> _TRY IT_:
The task calls for an exact retyping of the lines from the one holding "Cloudscape background. View" through the end of the listing, with pictures omitted and nothing added.

> _DATA FOR THE TASK_:
=== Begin Enclosure ===
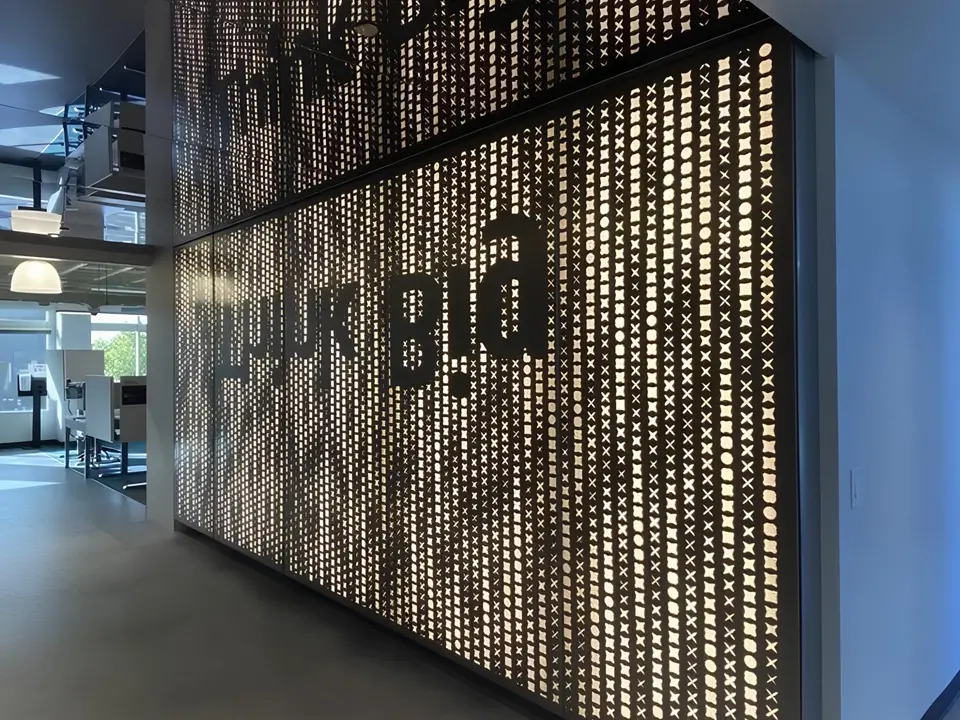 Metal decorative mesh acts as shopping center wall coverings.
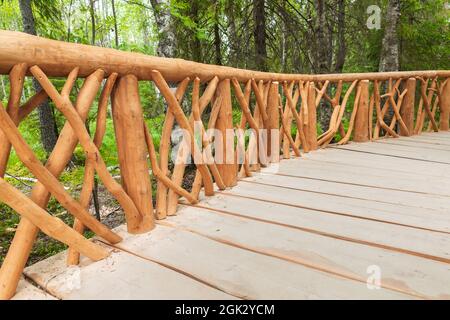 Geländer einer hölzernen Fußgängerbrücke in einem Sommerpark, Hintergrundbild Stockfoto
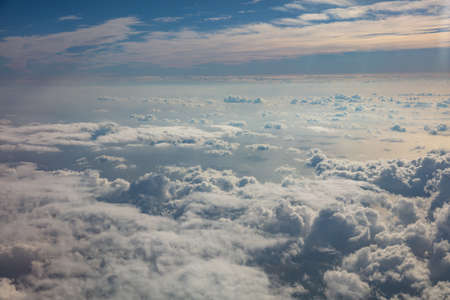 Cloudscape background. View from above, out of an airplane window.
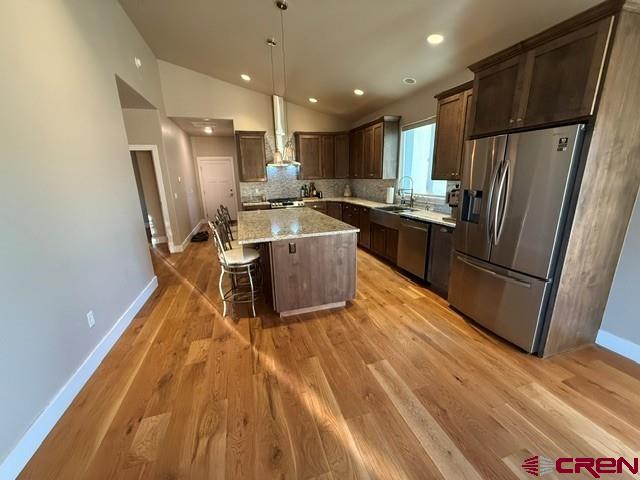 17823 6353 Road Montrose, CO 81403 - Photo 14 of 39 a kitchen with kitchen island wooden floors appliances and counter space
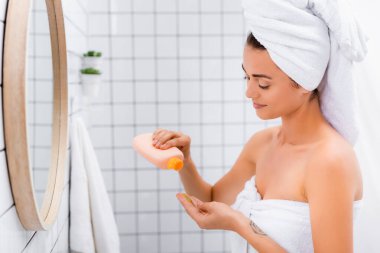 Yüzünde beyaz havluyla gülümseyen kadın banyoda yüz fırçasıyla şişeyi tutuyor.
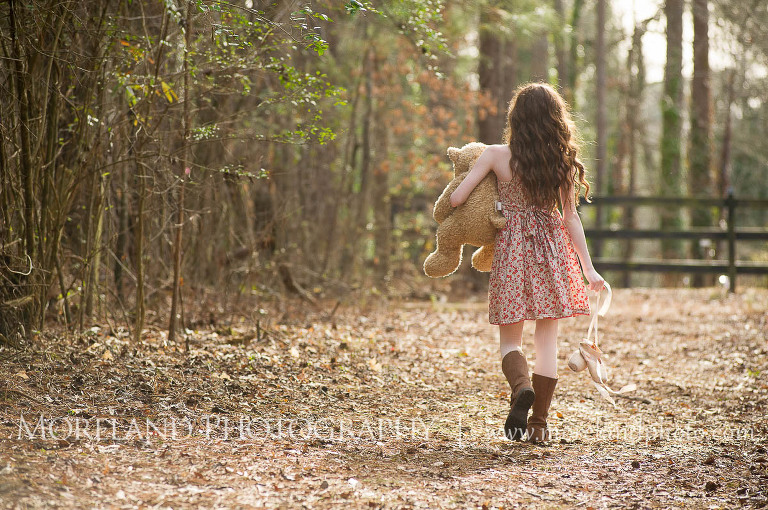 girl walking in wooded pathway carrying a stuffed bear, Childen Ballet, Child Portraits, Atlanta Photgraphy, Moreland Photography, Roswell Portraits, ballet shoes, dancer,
=== End Enclosure ===
> _TASK RESULT_:
 Cloudscape background. View from above, out of an airplane window.
 17823 6353 Road Montrose, CO 81403 - Photo 14 of 39 a kitchen with kitchen island wooden floors appliances and counter space
 Yüzünde beyaz havluyla gülümseyen kadın banyoda yüz fırçasıyla şişeyi tutuyor.
 girl walking in wooded pathway carrying a stuffed bear, Childen Ballet, Child Portraits, Atlanta Photgraphy, Moreland Photography, Roswell Portraits, ballet shoes, dancer,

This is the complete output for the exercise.